International children’s author and 2011-2013 UK Children’s Laureate, Julia Donaldson, treated children from Nal’ibali’s Grow Smart reading club in Philippi to a special reading on Saturday 06 February 2016. The visit forms part of Donaldson’s trip to South Africa where she will be performing in a number of theatre shows based on a variety of her books including her award winning book, The Gruffalo, and What the Ladybird Heard.
Entertaining the reading club children with a multilingual reading, Donaldson read from her first book, A Squash and a Squeeze, which she originally developed as a song. Her rhyming style, which engages children through its use of rhythm and repetition is a perfect fit with the Nal’ibali campaign’s reading-for-enjoyment approach.
Now a network of over 800 reading clubs across the country, Nal’ibali addresses families, homes and schools to help grow a love of reading amongst all people in South Africa. Nal’ibali also advocates for the use of play, songs and games in a relaxed and safe environment as part of informal language learning to support enjoyable and personally meaningful encounters with stories and books in English and African languages because, as children grow to love books and stories, they become motivated and involved in learning to read and write.

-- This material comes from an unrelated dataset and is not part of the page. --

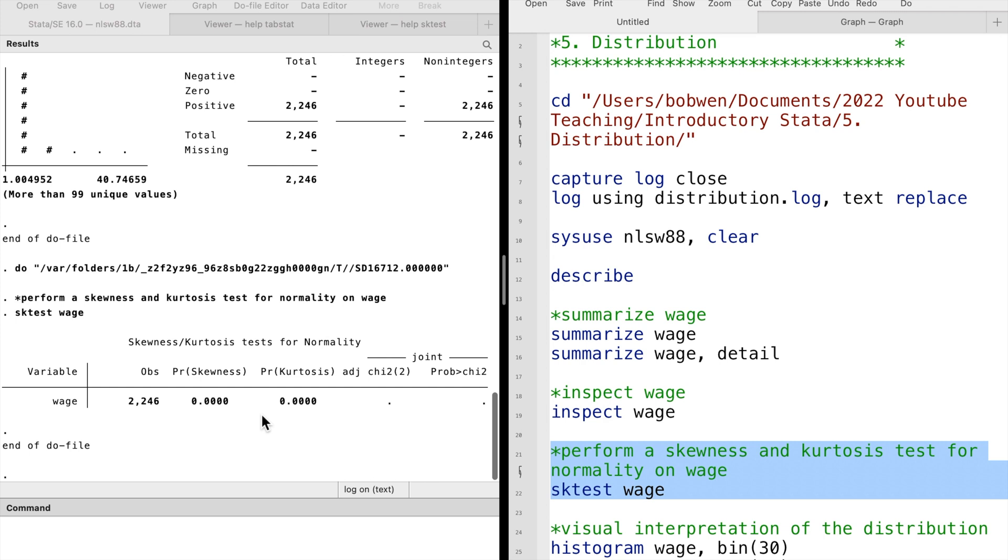The p-value of zero indicates that we reject the null hypothesis of normality at the 1% significance level.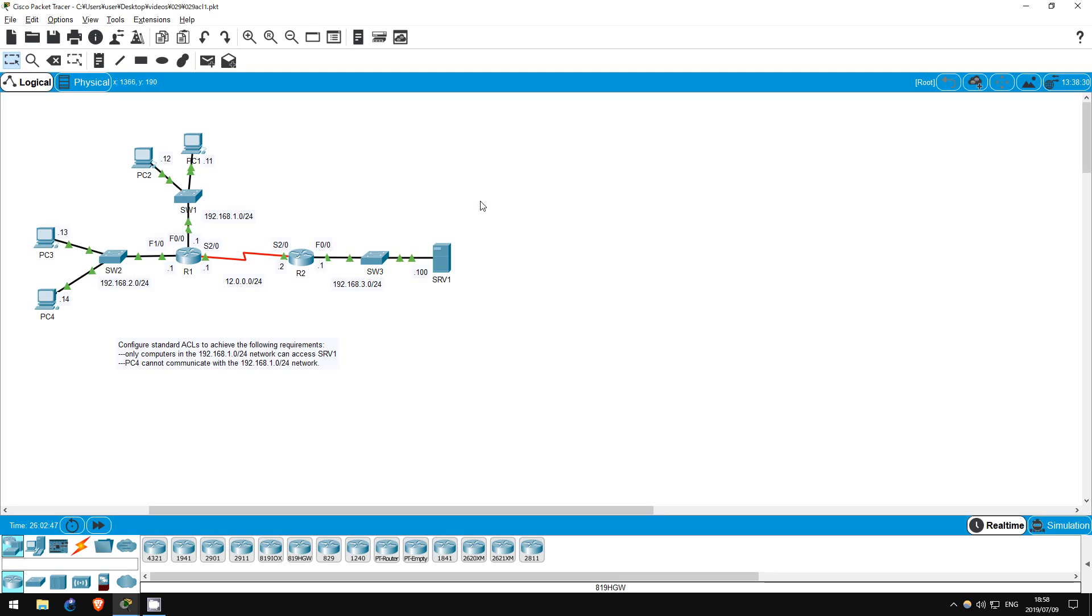Welcome to this free CCNA packet tracer practice lab. You can download the lab file from the link in the description. If you like these labs, please consider supporting me via my Patreon or the cryptocurrency options in the description.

“Young children have thirsty imaginations and playful spirits. As they experience the rhythm and repetition of language in a captivating story with vivid illustrations, like the ones Julia Donaldson writes, you can’t stop them from joining in and wanting more. They become so emotionally involved that without even noticing, they’re learning all kinds of literacy lessons!” comments Carole Bloch, Executive Director of PRAESA (the Project for the Study of Alternative Education in South Africa), co-founder and content provider of the Nal’ibali campaign.
Joined by her husband, musician Malcom Donaldson, who performed a musical accompaniment to the story, the special reading was extended into an interactive session of Storyplay – Nal’ibali’s approach to writing and reading with young children.

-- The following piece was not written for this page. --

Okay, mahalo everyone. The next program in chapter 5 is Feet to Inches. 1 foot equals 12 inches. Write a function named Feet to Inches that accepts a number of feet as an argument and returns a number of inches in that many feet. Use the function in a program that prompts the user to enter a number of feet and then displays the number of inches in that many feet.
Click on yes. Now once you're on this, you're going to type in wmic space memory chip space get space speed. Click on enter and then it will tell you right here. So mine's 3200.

Fun but educational, Storyplay integrates stories and play in an informal way that values the power of imagination and encourages children to tell and act out their own and others’ stories. By recreating the stories in their immediate environments and roleplaying the different characters, children are able to develop their language and literacy through experiential learning while doing what they do best – play.

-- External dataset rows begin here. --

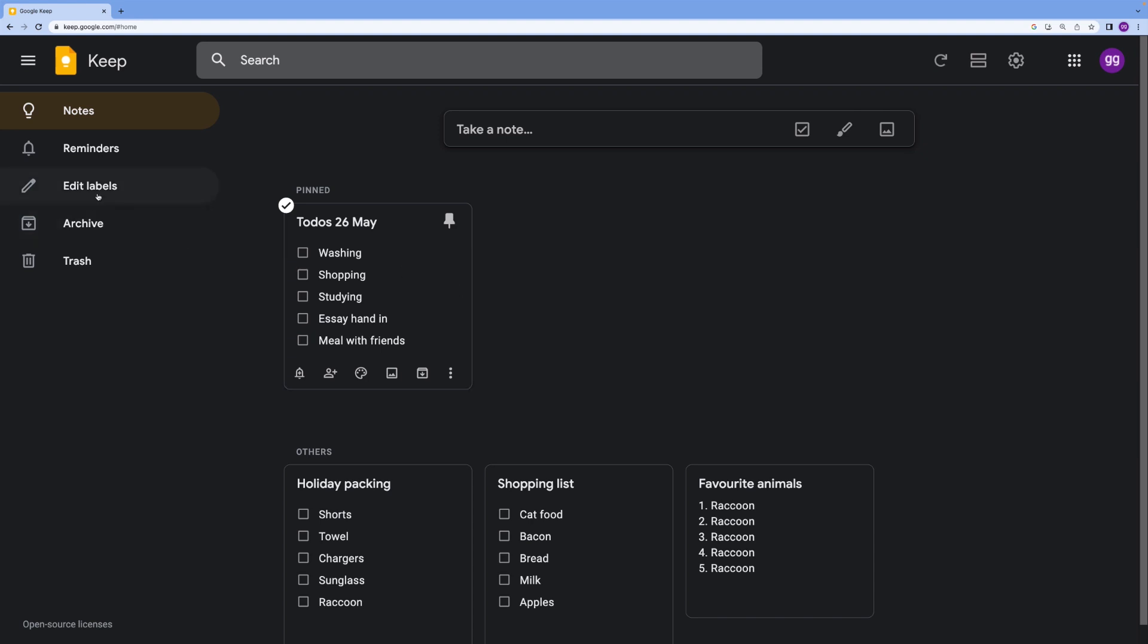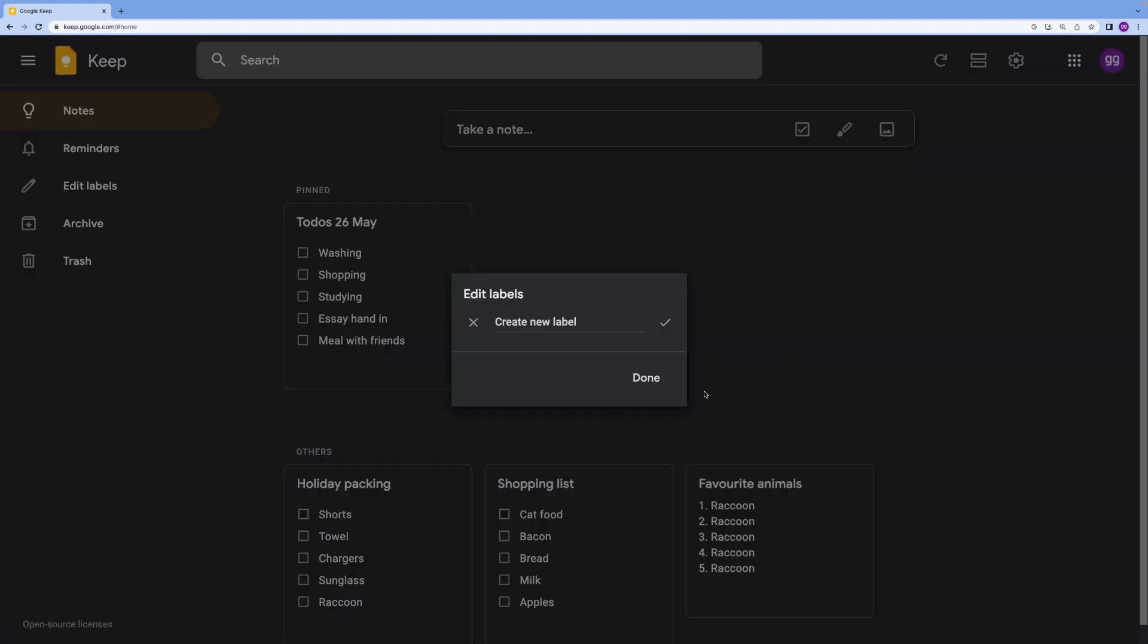But what you can also use is labels. Labels is what the feature's called, but essentially it's also creating subsections on this left sidebar. So let's go ahead and create one.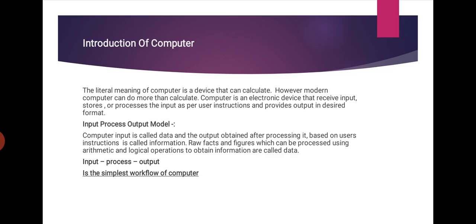Input Process Output Model. Computer input is called data and the output obtained after processing it based on user instruction is called information. Raw facts and figures which can be processed using arithmetic and logical operations to obtain information are called data. Input process output is the simplest workflow of computer.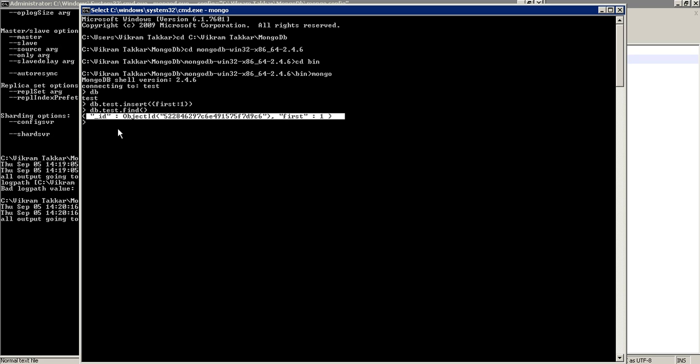So this is how we install a MongoDB server on Windows machine. It is quite easy. And if you have any issues, please follow the link mentioned in the tutorial.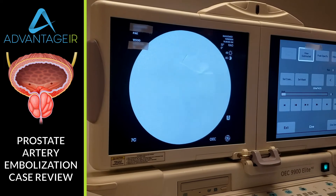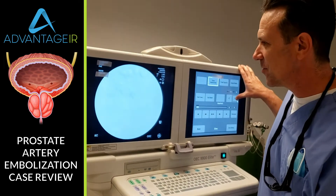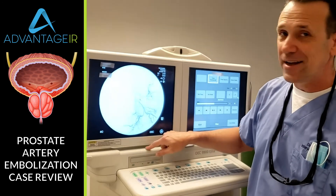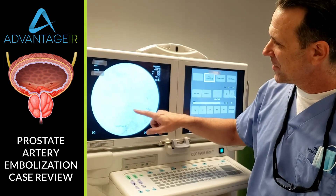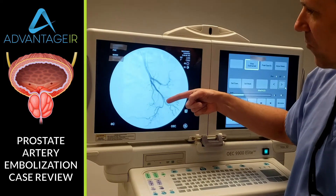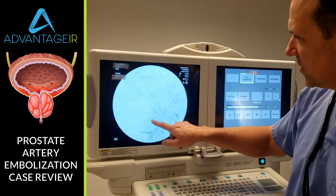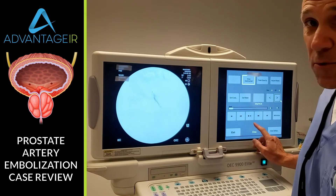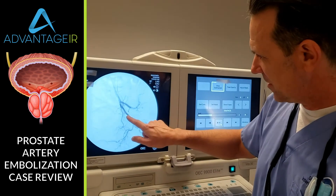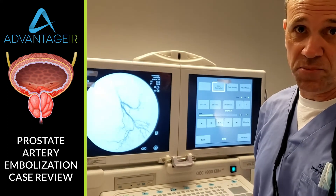Now we treated that side with the beads. We're going to go to the other side. This is the left internal iliac angiogram. You can see the contrast going in and getting washed out by the blood flow. And you can see the prostatic artery right there. Now we're going to freeze — and there's that left prostatic artery coming off the internal pudendal artery.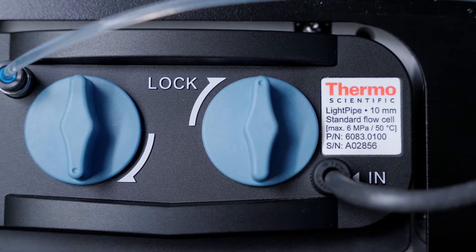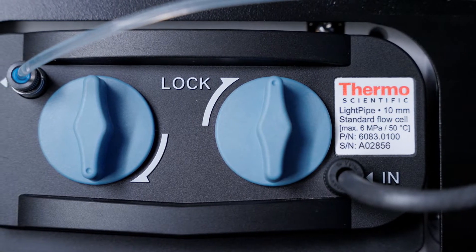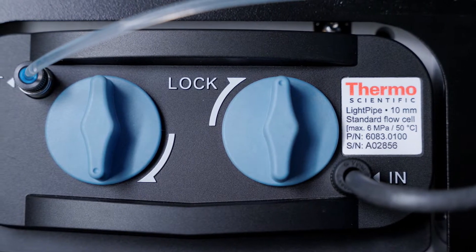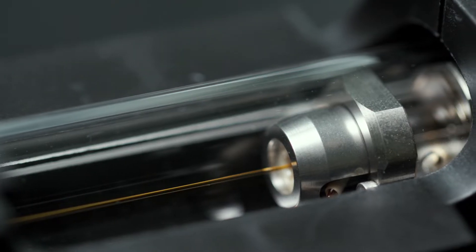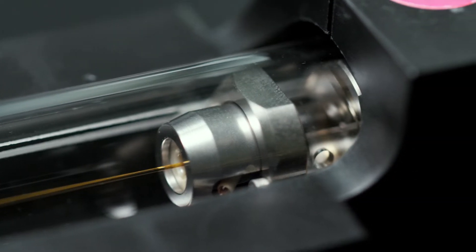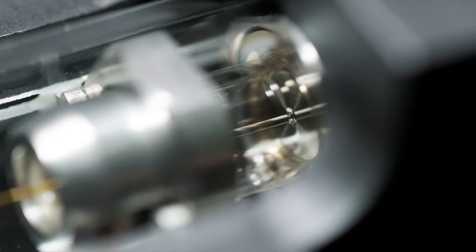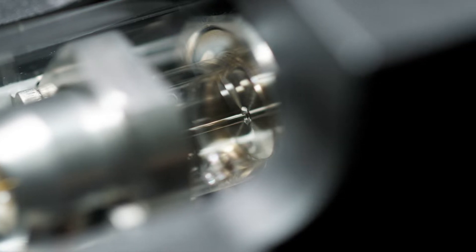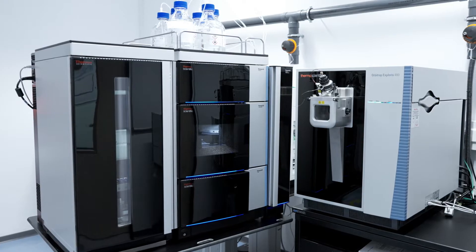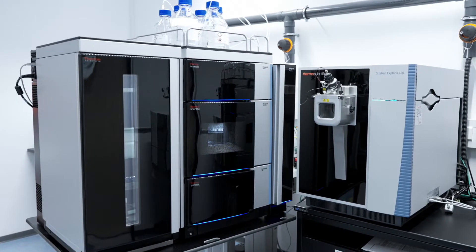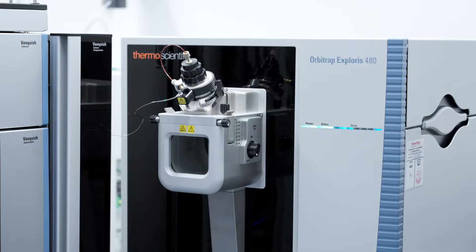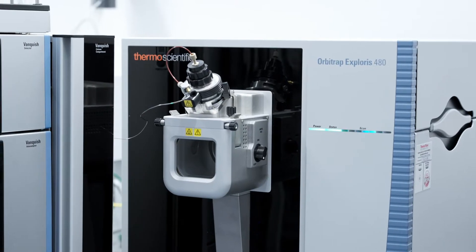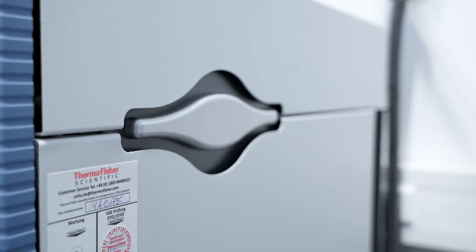For optically inactive analytes, charged aerosol detection enables universal detection of non- and semi-volatile compounds, as well as standard-free quantitation. In addition to traditional detection methods, take advantage of the best-in-class Thermo Scientific mass spectrometer portfolio.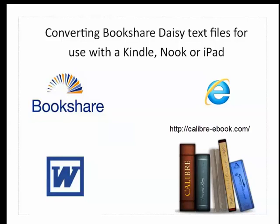In this video I'm going to show you how to convert Daisy text files for use with a Kindle, Nook, or iPad.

“Storyplay offers children holistic language experiences that include all the vital elements they need to make sense of and also produce print. They compose a story and watch as an adult writes it down for them and then reads it aloud. They then play out the story, bringing it to life as they take turns to become the characters. In this way, we respect and extend young children’s relentless drive to pretend and to learn,” adds Bloch.
“This morning has been one of the most amazing and memorable experiences of any book tour I have been on. It was so valuable to see what the children do at the Nal’ibali reading clubs and to not only share my stories, but to join in on their songs and games too. The children were so responsive!” said Donaldson.
And to ensure that the joy of her visit and the liveliness of her story remained with the children, publishing house Pan Macmillan donated copies of Donaldson’s books, The Gruffalo, The Snail and the Whale and The Gruffalo’s Child to the club. In addition, Scholastic donated copies of Donaldson’s The Scarecrow’s Wedding.